Trust in Numbers: The Pursuit of Objectivity in Science and Public Life
- Author: Theodore Porter
- Language: English
- Subjects: Sociology of quantification Politics History of Statistics
- Publisher: Princeton University Press
- Publication date: 1995
- Pages: 328
- ISBN: 978-0691029085

= Trust in Numbers =

1995 non-fiction book by Theodore Porter

Trust in Numbers: The Pursuit of Objectivity in Science and Public Life is a book by Theodore Porter, published in 1995 by Princeton University Press, that proposes that quantification in public life is driven by bureaucratic necessities to obtain legitimacy through objectivity.

== Synopsis==
In Trust in Numbers: The Pursuit of Objectivity in Science and Public Life, Theodore Porter reverses the classic notion that quantification descends from the successes of natural sciences being adopted by other disciplines, to investigate instead the opposite movement, whereby quantification is driven by political, administrative and bureaucratic necessities to standardize, communicate, and obtain legitimacy through objectivity.The appeal of numbers is especially compelling to bureaucratic officials who lack the mandate of a popular election, or divine right, p. 8.After noting how officials fear being criticized for arbitrariness and bias, he concludes:A decision made by the numbers (or by explicit rules of some other sort) has at least the appearance of being fair and impersonal, p. 8.Thus, "trust may sometimes be based less on the solidity of the numbers themselves than on the needs of expert and client communities".

==Analysis==
Defined as the book that comes closest to establishing a common theoretical language for sociology of quantification, the work of Porter adopts a historical and sociological style of analysis that is indebted to Bruno Latour and Steven Shapin. An important element of Porter's analysis concerns the meaning of objectivity and how it has arisen historically, and what role numbers have played in its construction. For Porter, 'mechanical objectivity' is sought and obtained via quantitative methods that ensure a procedural forms of accountability. He calls these procedures 'technologies of distance' that ensure compliance with impersonal rules excluding bias and personal preferences.
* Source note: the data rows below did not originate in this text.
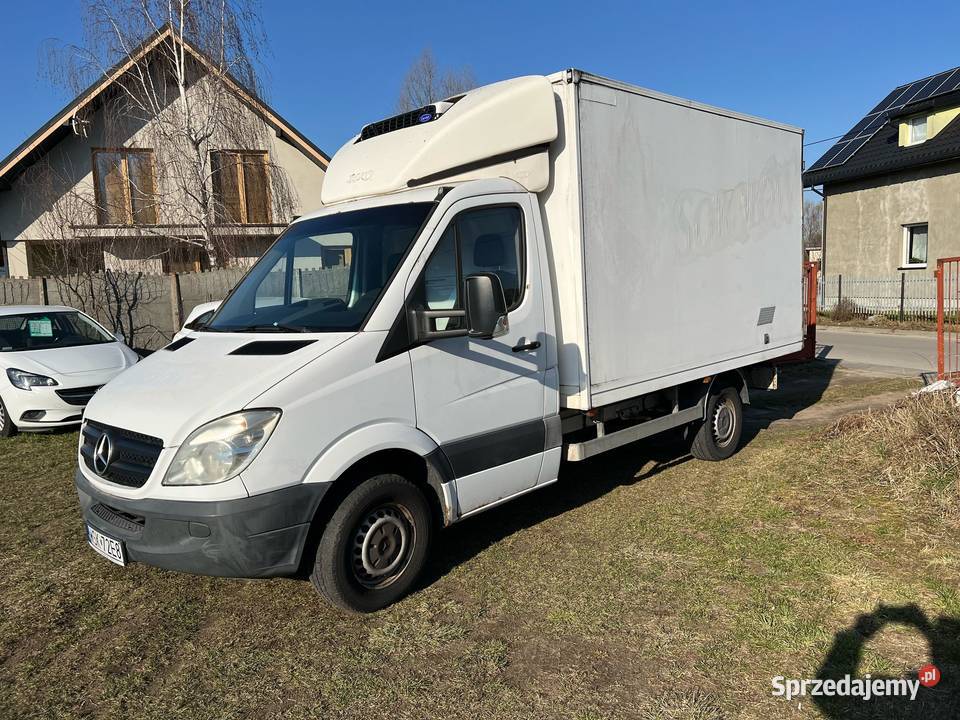 MercedesBenz Sprinter 21 CDI KRAJOWY 228 tysięcy Sokołów Podlaski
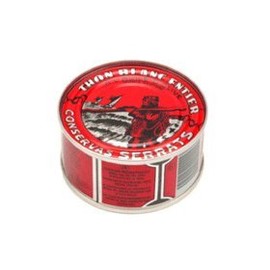 Serrats White Tuna (Bonito) in Olive Oil from Spain (4oz/115g)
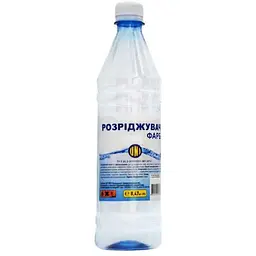 Розріджувач фарб UNI 0,8л 0,47кг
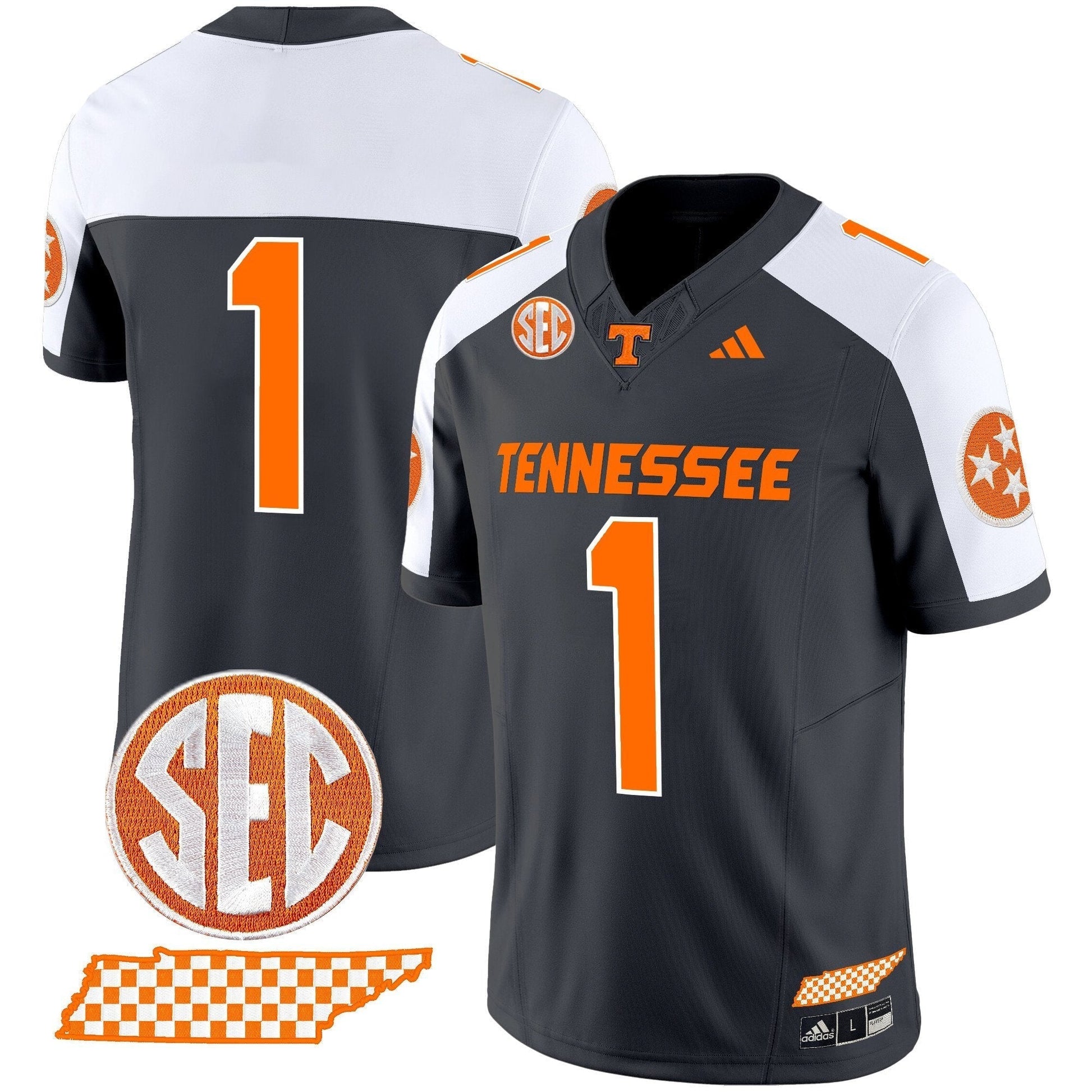 Grey Alternate - #1 Team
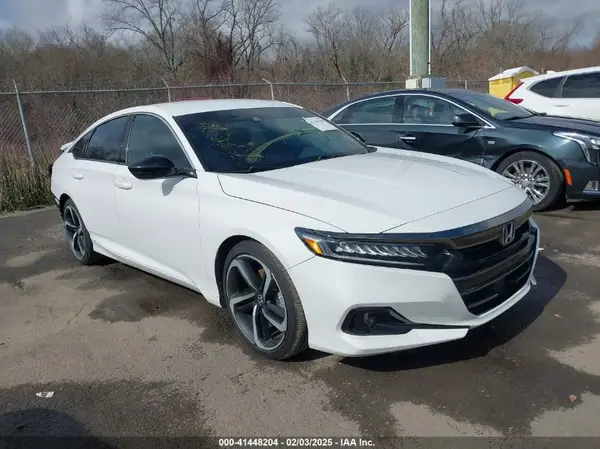 1HGCV1F38NA002958 2022 HONDA ACCORD - Image 1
Based on a number of case studies in different countries — actuaries in the UK and US, engineers in France and in the US — Porter demonstrates that the allure of quantitative and standardized measures does not derive from their success in the natural sciences, but arise from the need of professional groups to "respond to external social and political pressures demanding accountability".

The author traces the history of cost-benefit analysis in a way that make evident the bureaucratic and political conflicts whereby actuaries and experts of different disciplines fought to maintain structures of power and privilege within national styles and contexts. In the US, tensions existed between the Bureau of Reclamation and the Army Corps of Engineers. Each institution produced cost-benefit analyses that were designed to favor the respective interests of the two institutions and their respective stakeholders. In Victorian England actuaries and the accountants fought to thwart attempts by the authorities to introduce standards of accounting, as to defend the nuanced expertise of the respective crafts. In a sense, the work of Porter makes clear how objectivity is an alternative to personal trust. He illustrates the point by comparing the practices and contexts of the Army Corps of Engineers in the US versus those of Les Ingénieurs des Ponts et Chaussées in France (pp. 114–190).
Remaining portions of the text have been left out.